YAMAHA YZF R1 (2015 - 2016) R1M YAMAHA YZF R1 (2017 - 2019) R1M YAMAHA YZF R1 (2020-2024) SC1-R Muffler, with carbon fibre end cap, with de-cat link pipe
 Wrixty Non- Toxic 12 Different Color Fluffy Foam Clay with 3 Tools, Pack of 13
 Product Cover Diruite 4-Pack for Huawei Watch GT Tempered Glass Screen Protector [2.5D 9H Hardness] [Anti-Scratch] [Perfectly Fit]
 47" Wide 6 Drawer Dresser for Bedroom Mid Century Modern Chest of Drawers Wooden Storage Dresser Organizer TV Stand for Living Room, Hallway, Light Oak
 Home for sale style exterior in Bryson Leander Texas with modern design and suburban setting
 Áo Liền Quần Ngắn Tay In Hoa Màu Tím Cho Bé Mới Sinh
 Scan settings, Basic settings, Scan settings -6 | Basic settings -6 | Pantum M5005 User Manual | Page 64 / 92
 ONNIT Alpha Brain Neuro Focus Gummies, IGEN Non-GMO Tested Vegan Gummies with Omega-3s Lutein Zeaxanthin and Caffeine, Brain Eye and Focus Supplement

[What to do]
Print, please, the lines above from the very first through the one that holds "Product Cover Diruite", both included, word for word and with nothing else.

[Answer for this exercise]
YAMAHA YZF R1 (2015 - 2016) R1M YAMAHA YZF R1 (2017 - 2019) R1M YAMAHA YZF R1 (2020-2024) SC1-R Muffler, with carbon fibre end cap, with de-cat link pipe
 Wrixty Non- Toxic 12 Different Color Fluffy Foam Clay with 3 Tools, Pack of 13
 Product Cover Diruite 4-Pack for Huawei Watch GT Tempered Glass Screen Protector [2.5D 9H Hardness] [Anti-Scratch] [Perfectly Fit]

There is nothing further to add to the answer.